Schottland-Rundreise: Diese vier Orte gehören auf die Reiseliste
Schottland ist ein Land der Gegensätze. Historische Städte treffen auf einsame Täler, dramatische Berglandschaften, geheimnisvolle Seen und eine Küste, die stellenweise beinahe unberührt wirkt. Wer das Land zum ersten Mal besucht, bekommt zwischen Edinburgh, Glasgow, der Isle of Skye und Inverness bereits einen hervorragenden Eindruck davon, wie unterschiedlich Schottland sein kann.

Dabei lohnt es sich, nicht nur die bekannten Sehenswürdigkeiten abzuhaken.
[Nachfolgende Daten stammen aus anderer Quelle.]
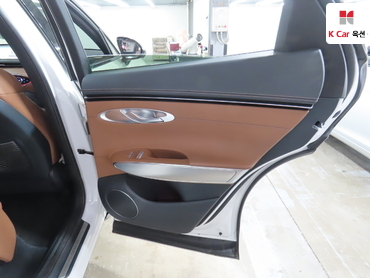 2023 - genesis gv70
Ein Spaziergang durch Edinburgh fühlt sich vollkommen anders an als eine Fahrt durch die Highlands oder ein Morgen am Hafen von Portree. Genau diese Mischung aus Städten, Geschichte und wilder Natur macht eine Rundreise durch Schottland so abwechslungsreich.
Edinburgh
Kaum eine andere Stadt vermittelt das klassische Bild Schottlands so eindrucksvoll wie Edinburgh. Über der historischen Altstadt erhebt sich Edinburgh Castle auf einem alten Vulkanfelsen und prägt die Silhouette der schottischen Hauptstadt. Unterhalb der Burg führt die Royal Mile durch das historische Zentrum bis zum Palace of Holyroodhouse. Dazwischen verstecken sich enge Gassen, alte Gebäude und kleine Durchgänge, die der Stadt ihren unverwechselbaren Charakter geben.
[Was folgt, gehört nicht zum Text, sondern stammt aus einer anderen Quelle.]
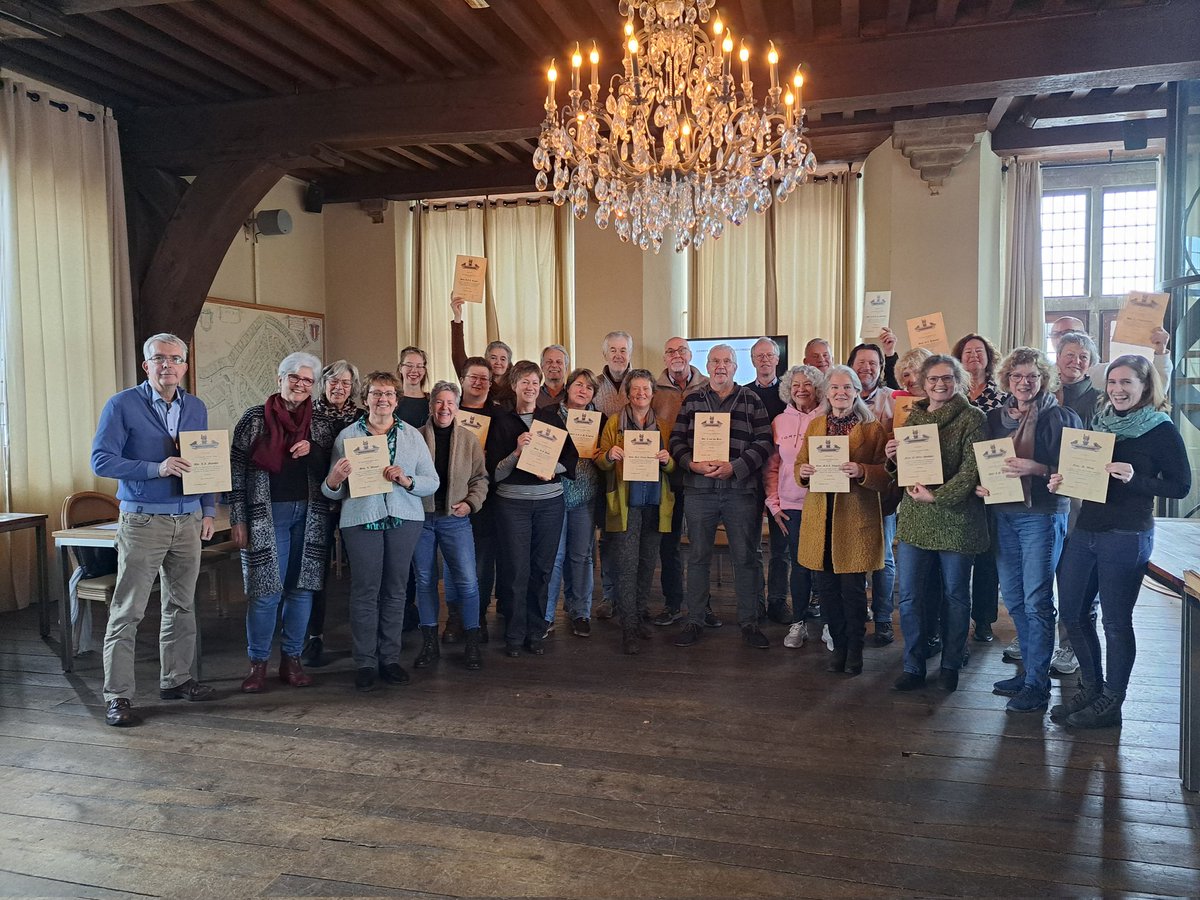 Vanochtend hebben 28 nieuwe Goudologen hun certificaat in ontvangst genomen na wederom een goed gemaakt examen. Gefeliciteerd!!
Besonders interessant ist der Kontrast zwischen Old Town und New Town. Während die Altstadt mit mittelalterlich wirkenden Straßen, historischen Häusern und verwinkelten Gassen begeistert, zeigt die New Town ein deutlich geordneteres Stadtbild mit eleganter georgianischer Architektur. Gemeinsam gehören beide Bereiche zum UNESCO-Welterbe und lassen sich hervorragend zu Fuß erkunden.
Wer Edinburgh von oben sehen möchte, hat gleich mehrere Möglichkeiten. Der Aufstieg auf Arthur’s Seat führt auf einen alten Vulkan und eröffnet einen weiten Blick über Stadt und Umgebung. Weniger anstrengend ist ein Spaziergang auf den Calton Hill, von dem sich ebenfalls ein schönes Panorama über Edinburgh bietet. Besonders am späten Nachmittag entsteht hier eine eindrucksvolle Kulisse.
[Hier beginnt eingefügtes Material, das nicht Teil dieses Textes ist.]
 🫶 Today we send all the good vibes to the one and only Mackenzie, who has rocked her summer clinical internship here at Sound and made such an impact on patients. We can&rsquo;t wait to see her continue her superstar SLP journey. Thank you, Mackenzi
Auch abseits der großen Sehenswürdigkeiten lohnt es sich, Zeit für die Atmosphäre der Stadt einzuplanen. Pubs, kleine Geschäfte, Museen und historische Friedhöfe gehören ebenso zu Edinburgh wie die bekannten Bauwerke. Gerade bei wechselhaftem Wetter entwickeln die dunklen Steinfassaden und engen Straßen einen beinahe mystischen Charakter, der hervorragend zum Image Schottlands passt.
Für Edinburgh sollten mindestens zwei volle Tage eingeplant werden, besser etwas mehr. Die Stadt eignet sich außerdem hervorragend als Startpunkt einer Schottland-Rundreise, bevor es weiter Richtung Glasgow oder in die Highlands geht. Wer Geschichte, Architektur und lebendige Stadtviertel miteinander verbinden möchte, findet hier einen der spannendsten Orte des Landes.

Glasgow
Nur rund eine Stunde von Edinburgh entfernt wartet mit Glasgow eine vollkommen andere Stadt. Schottlands größte Stadt wirkt weniger wie eine historische Kulisse und stärker wie eine lebendige, moderne Metropole. Besonders Architektur, Musik, Museen und eine ausgeprägte Restaurant- und Pubkultur prägen Glasgow.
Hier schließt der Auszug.